As such, I wrestled with what recommendation to give. John Bunyan wrote The Pilgrim’s Progress for Christians. While other religious allegories such as The Chronicles of Narnia appeal to general audiences too, I am not sure that  The Pilgrim’s Progress would appeal to anyone but Christians. In reading about his life story to prepare my daily teasers, it also seems as if  The Pilgrim’s Progress is a reflection of Bunyan’s own realization that the Christian life is a journey that can be fraught with strife while also having moments of joy. For this reason, despite the old English, I think that it is an important and encouraging book for Christians to read.

My rating? Read it. Borrow from your library or a friend. It’s worth your time.

How would you rate this book?

P.S. If you find the language of  The Pilgrim’s Progress daunting, you might try Dangerous Journey, a version of The Pilgrim’s Progress prepared by Oliver Hunkin and published by Eerdmans in 1985. I’m still waiting to borrow it from my local library, but this is the version my adolescent sister read and enjoyed. Having read both her copy and the original version, my dad also recommends it.

1 Response to "The Pilgrim’s Progress by John Bunyan"
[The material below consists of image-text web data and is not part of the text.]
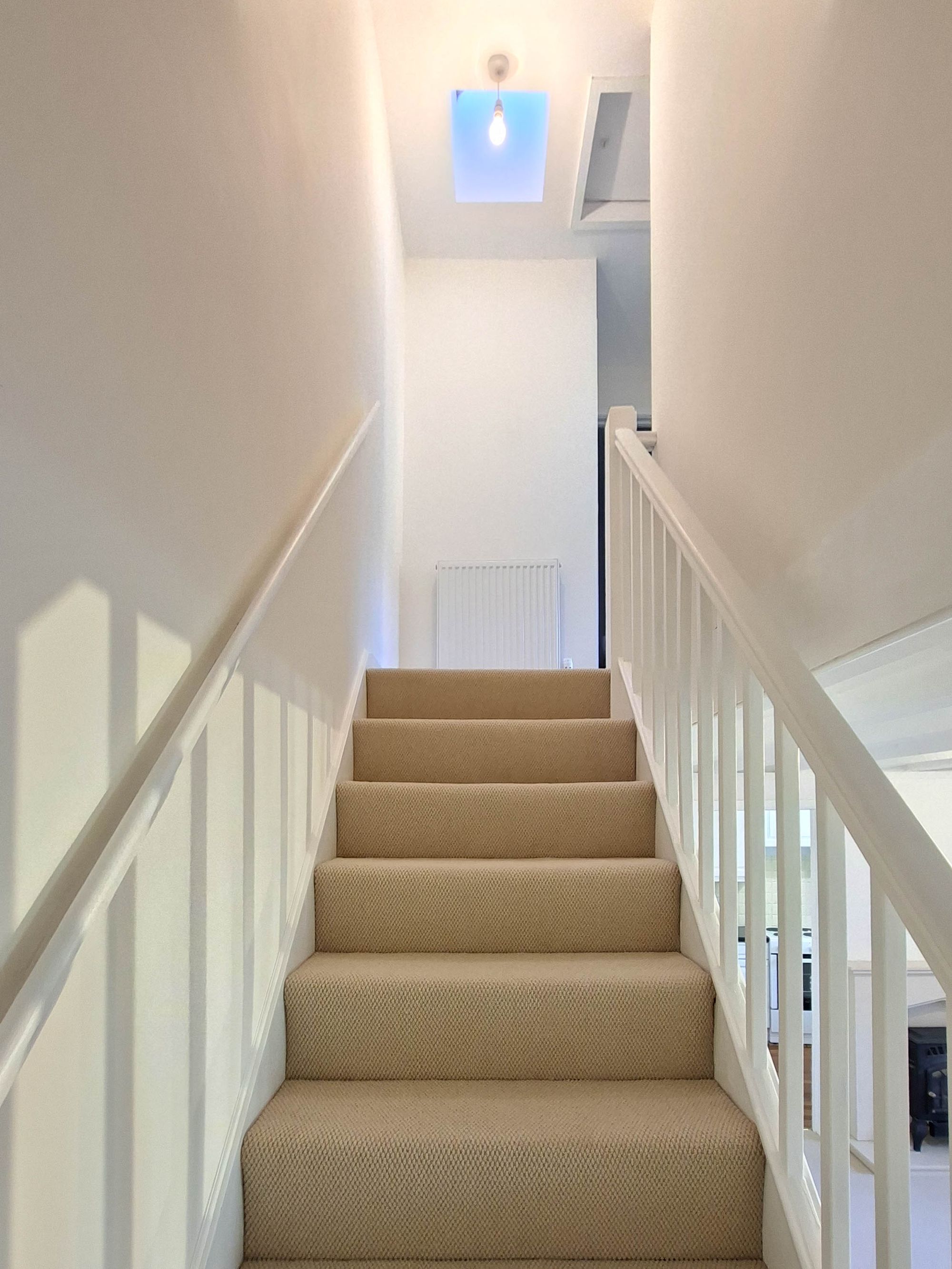 2 bed terraced cottage for sale in The Waterloo, Cirencester, GL7  - Property Image 8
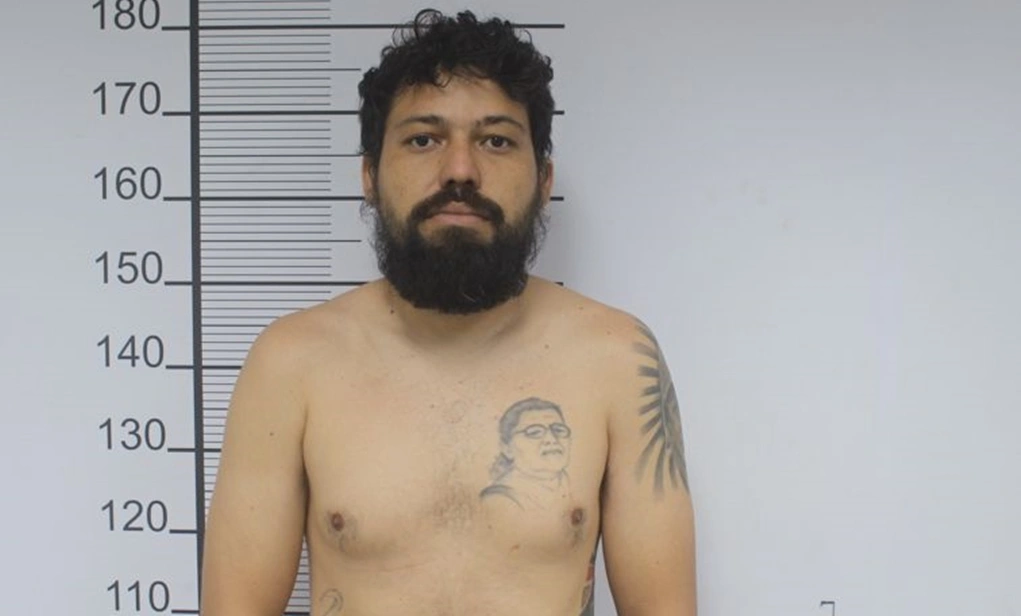Kaio Francisco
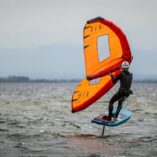 www.wingsurfing.at, MissionToSurf, MissionToWing, kitesurfing.at, Get High, Windsurfing.at, windsurfen lernen, Wingkurs, Wingsurfkurse, Foilen, Foiling, Wingfoiling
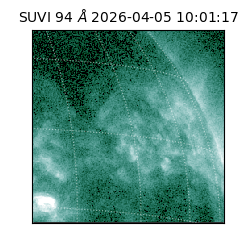 suvi - 2026-04-05T10:01:17.329000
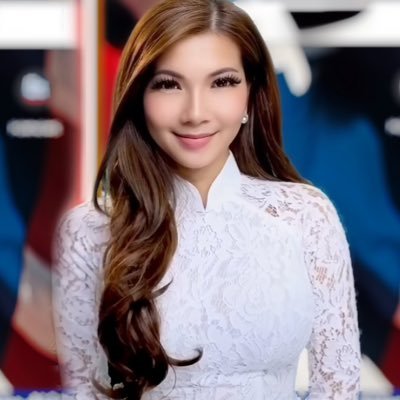 soniaohlalausa's profile picture. 
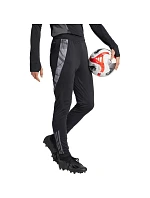 Kalhoty adidas Tiro 24 Competition Training W IP7600 dámské Kalhoty adidas Tiro 24 Competition Training W IP7600 dámské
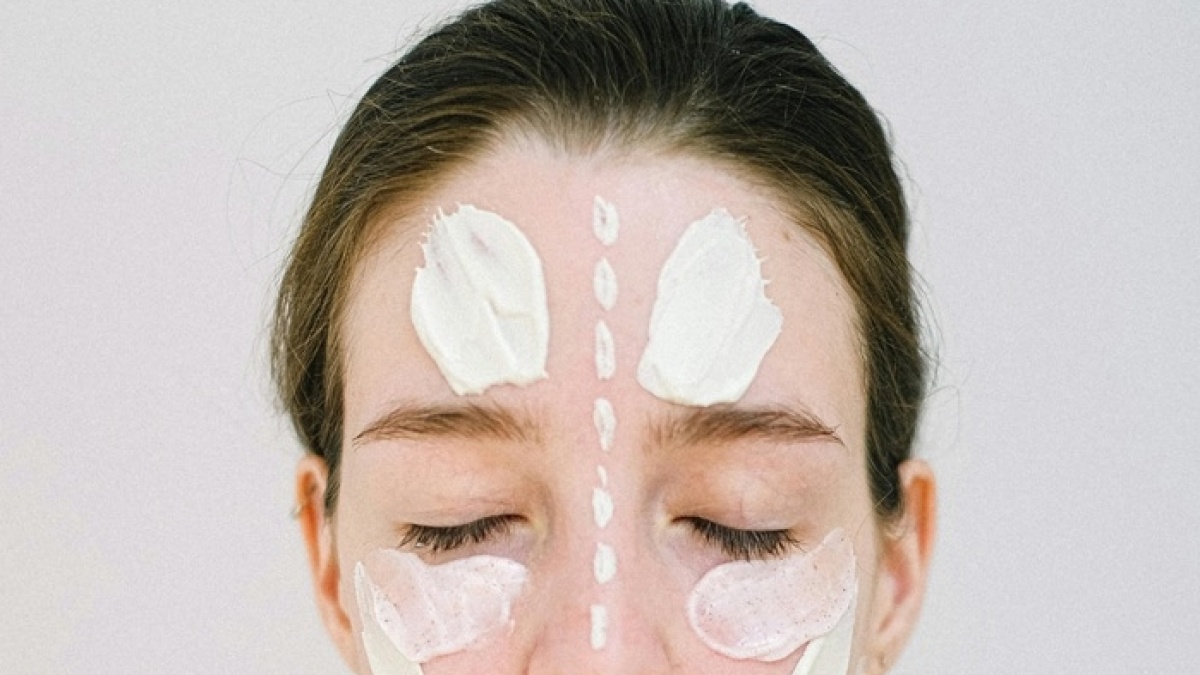 5 Moisturizer Terbaik untuk Kulit Sensitif, Harga di Bawah Rp50.000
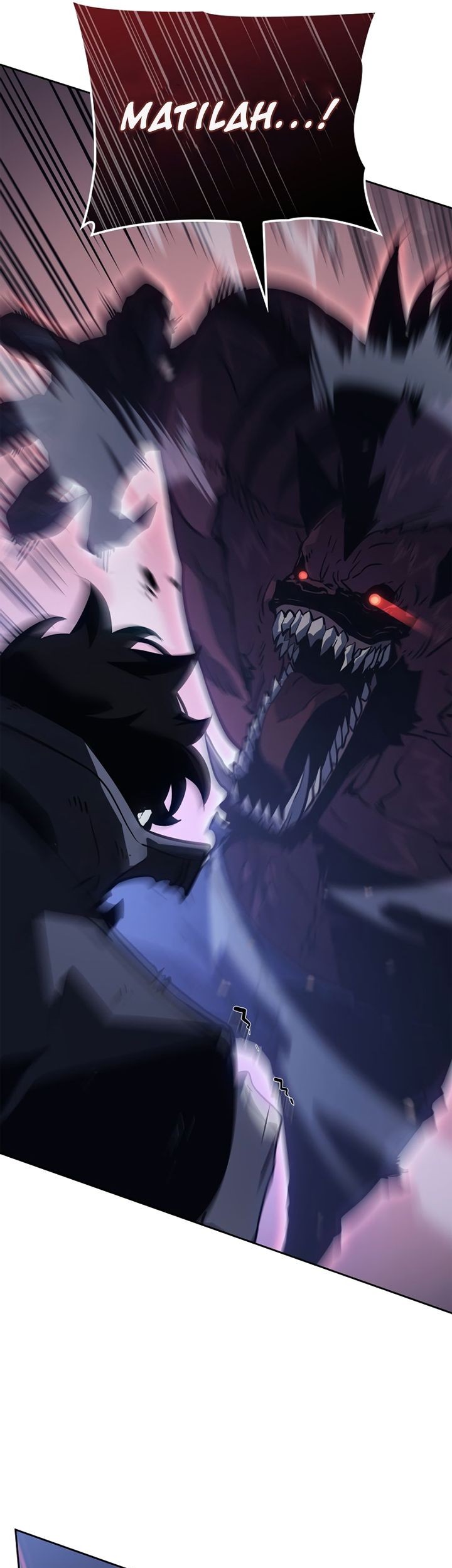 Solo Leveling: Ragnarok - Chapter 12 - Page 82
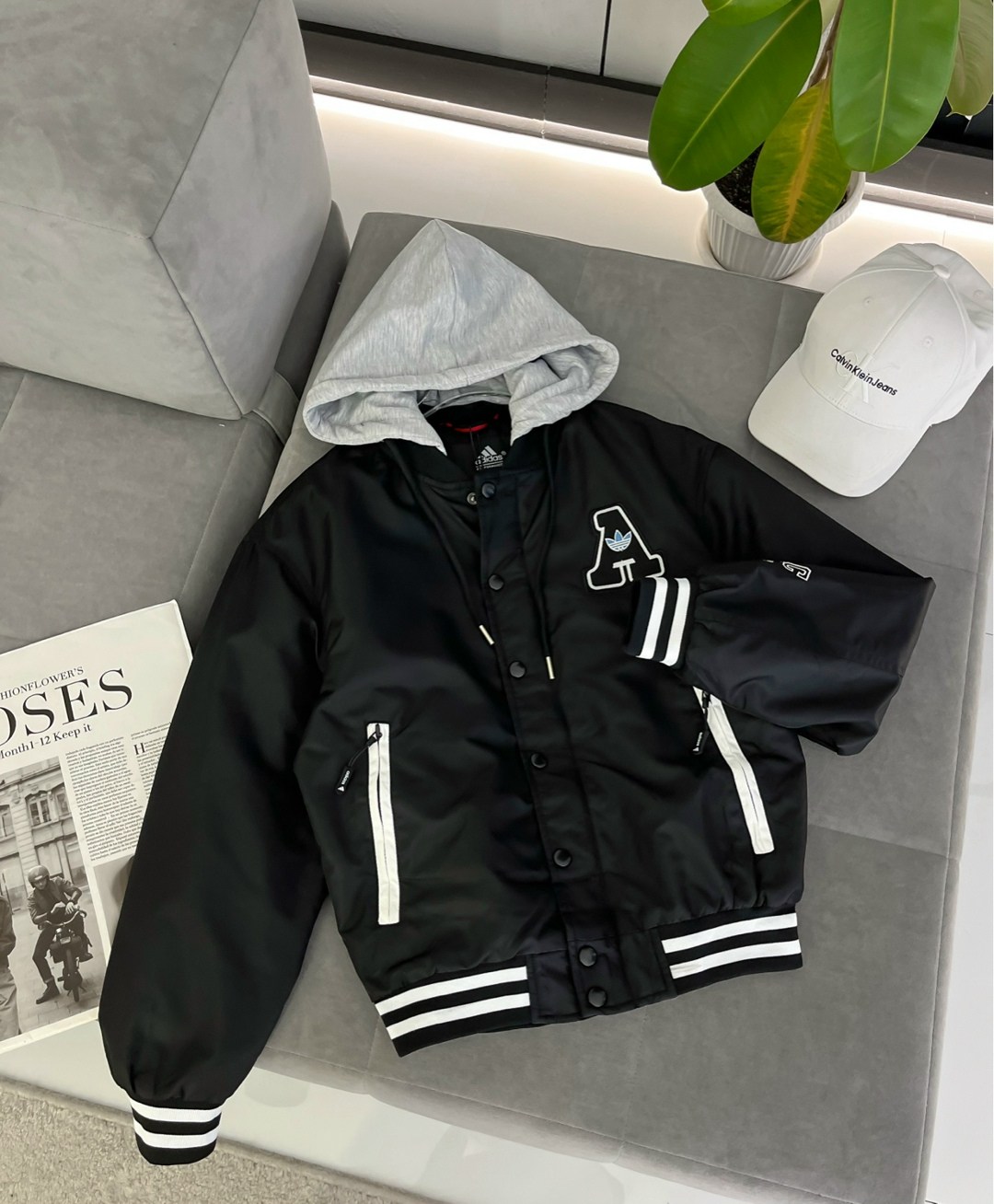 куртка,модная куртка,куртка повседневная,легкая куртка,стильная куртка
A fine summary and evaluation of a Christian classic! Unfortunately today The Pilgrim’s Progress fits Mark Twain’s description of a classic as “a book which people praise and don’t read.” Hopefully your review will encourage some of your readers to read it, either in its original form or in an adaptation such as Dangerous Journey, so that they can both enjoy the story and benefit from the lessons it presents on the Christian life.

“As such, I wrestled with what recommendation to give. John Bunyan wrote The Pilgrim’s Progress for Christians. While other religious allegories such as The Chronicles of Narnia appeal to general audiences too, I am not sure that The Pilgrim’s Progress would appeal to anyone but Christians. In reading about his life story to prepare my daily teasers, it also seems as if The Pilgrim’s Progress is a reflection of Bunyan’s own realization that the Christian life is a journey that can be fraught with strife while also having moments of joy. For this reason, despite the old English, I think that it is an important and encouraging book for Christians to read.”

I appreciate the struggle that you had with what recommendation to give to The Pilgrim’s Progress. Although knowing its high reputation and being a Christian, I didn’t finish my first reading of it and on subsequent readings skimmed through some of its longer exhortations. However reading Dangerous Journey made me realize that it is, as you put it, “a thrilling tale.” And working through the original in preparation for our family discussion of it made me realize how much it has to say about the Christian life. Thus I agree wholeheartedly with your concluding that The Pilgrim’s Progress “is an important and encouraging book for Christians to read.”